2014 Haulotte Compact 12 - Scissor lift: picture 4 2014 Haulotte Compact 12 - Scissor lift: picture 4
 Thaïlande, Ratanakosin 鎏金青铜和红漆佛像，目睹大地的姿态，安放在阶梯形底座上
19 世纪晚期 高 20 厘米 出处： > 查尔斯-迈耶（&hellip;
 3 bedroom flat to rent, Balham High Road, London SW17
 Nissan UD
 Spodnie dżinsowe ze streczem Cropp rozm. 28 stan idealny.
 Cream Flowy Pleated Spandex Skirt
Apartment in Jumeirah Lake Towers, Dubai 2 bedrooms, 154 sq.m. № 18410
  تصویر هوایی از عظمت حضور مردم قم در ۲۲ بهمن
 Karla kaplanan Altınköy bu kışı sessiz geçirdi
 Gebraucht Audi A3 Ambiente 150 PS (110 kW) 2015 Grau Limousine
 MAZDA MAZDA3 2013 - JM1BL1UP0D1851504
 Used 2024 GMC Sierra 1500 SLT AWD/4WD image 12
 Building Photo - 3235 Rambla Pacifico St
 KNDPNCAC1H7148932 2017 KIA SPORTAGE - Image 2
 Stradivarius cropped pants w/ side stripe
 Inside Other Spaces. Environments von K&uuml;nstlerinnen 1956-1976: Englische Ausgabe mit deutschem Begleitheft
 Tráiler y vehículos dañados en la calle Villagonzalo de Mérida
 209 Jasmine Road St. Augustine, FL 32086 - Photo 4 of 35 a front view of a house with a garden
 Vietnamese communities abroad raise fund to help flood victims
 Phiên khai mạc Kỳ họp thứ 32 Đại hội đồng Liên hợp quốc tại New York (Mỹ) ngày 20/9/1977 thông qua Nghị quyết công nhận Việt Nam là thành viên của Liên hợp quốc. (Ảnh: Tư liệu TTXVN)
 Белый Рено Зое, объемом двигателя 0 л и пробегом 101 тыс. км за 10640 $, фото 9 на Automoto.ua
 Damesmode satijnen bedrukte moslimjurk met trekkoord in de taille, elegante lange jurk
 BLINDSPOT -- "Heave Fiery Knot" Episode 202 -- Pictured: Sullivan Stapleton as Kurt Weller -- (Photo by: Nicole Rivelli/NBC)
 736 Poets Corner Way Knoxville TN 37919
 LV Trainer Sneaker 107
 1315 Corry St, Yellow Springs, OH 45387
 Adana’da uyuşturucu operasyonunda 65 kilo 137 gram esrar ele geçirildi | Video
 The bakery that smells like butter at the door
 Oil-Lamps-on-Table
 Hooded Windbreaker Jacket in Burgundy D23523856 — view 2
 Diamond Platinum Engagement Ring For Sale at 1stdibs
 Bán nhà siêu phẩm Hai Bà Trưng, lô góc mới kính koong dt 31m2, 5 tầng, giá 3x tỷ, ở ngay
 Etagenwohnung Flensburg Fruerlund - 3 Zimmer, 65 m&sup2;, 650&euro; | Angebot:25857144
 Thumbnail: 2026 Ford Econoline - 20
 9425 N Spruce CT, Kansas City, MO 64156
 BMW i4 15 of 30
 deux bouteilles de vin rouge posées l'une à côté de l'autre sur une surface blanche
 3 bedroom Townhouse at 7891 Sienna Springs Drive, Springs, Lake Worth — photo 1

= = = = =

## What you have to do:
Recreate the full listing above precisely.

## Result:
2014 Haulotte Compact 12 - Scissor lift: picture 4 2014 Haulotte Compact 12 - Scissor lift: picture 4
 Thaïlande, Ratanakosin 鎏金青铜和红漆佛像，目睹大地的姿态，安放在阶梯形底座上
19 世纪晚期 高 20 厘米 出处： > 查尔斯-迈耶（&hellip;
 3 bedroom flat to rent, Balham High Road, London SW17
 Nissan UD
 Spodnie dżinsowe ze streczem Cropp rozm. 28 stan idealny.
 Cream Flowy Pleated Spandex Skirt
Apartment in Jumeirah Lake Towers, Dubai 2 bedrooms, 154 sq.m. № 18410
  تصویر هوایی از عظمت حضور مردم قم در ۲۲ بهمن
 Karla kaplanan Altınköy bu kışı sessiz geçirdi
 Gebraucht Audi A3 Ambiente 150 PS (110 kW) 2015 Grau Limousine
 MAZDA MAZDA3 2013 - JM1BL1UP0D1851504
 Used 2024 GMC Sierra 1500 SLT AWD/4WD image 12
 Building Photo - 3235 Rambla Pacifico St
 KNDPNCAC1H7148932 2017 KIA SPORTAGE - Image 2
 Stradivarius cropped pants w/ side stripe
 Inside Other Spaces. Environments von K&uuml;nstlerinnen 1956-1976: Englische Ausgabe mit deutschem Begleitheft
 Tráiler y vehículos dañados en la calle Villagonzalo de Mérida
 209 Jasmine Road St. Augustine, FL 32086 - Photo 4 of 35 a front view of a house with a garden
 Vietnamese communities abroad raise fund to help flood victims
 Phiên khai mạc Kỳ họp thứ 32 Đại hội đồng Liên hợp quốc tại New York (Mỹ) ngày 20/9/1977 thông qua Nghị quyết công nhận Việt Nam là thành viên của Liên hợp quốc. (Ảnh: Tư liệu TTXVN)
 Белый Рено Зое, объемом двигателя 0 л и пробегом 101 тыс. км за 10640 $, фото 9 на Automoto.ua
 Damesmode satijnen bedrukte moslimjurk met trekkoord in de taille, elegante lange jurk
 BLINDSPOT -- "Heave Fiery Knot" Episode 202 -- Pictured: Sullivan Stapleton as Kurt Weller -- (Photo by: Nicole Rivelli/NBC)
 736 Poets Corner Way Knoxville TN 37919
 LV Trainer Sneaker 107
 1315 Corry St, Yellow Springs, OH 45387
 Adana’da uyuşturucu operasyonunda 65 kilo 137 gram esrar ele geçirildi | Video
 The bakery that smells like butter at the door
 Oil-Lamps-on-Table
 Hooded Windbreaker Jacket in Burgundy D23523856 — view 2
 Diamond Platinum Engagement Ring For Sale at 1stdibs
 Bán nhà siêu phẩm Hai Bà Trưng, lô góc mới kính koong dt 31m2, 5 tầng, giá 3x tỷ, ở ngay
 Etagenwohnung Flensburg Fruerlund - 3 Zimmer, 65 m&sup2;, 650&euro; | Angebot:25857144
 Thumbnail: 2026 Ford Econoline - 20
 9425 N Spruce CT, Kansas City, MO 64156
 BMW i4 15 of 30
 deux bouteilles de vin rouge posées l'une à côté de l'autre sur une surface blanche
 3 bedroom Townhouse at 7891 Sienna Springs Drive, Springs, Lake Worth — photo 1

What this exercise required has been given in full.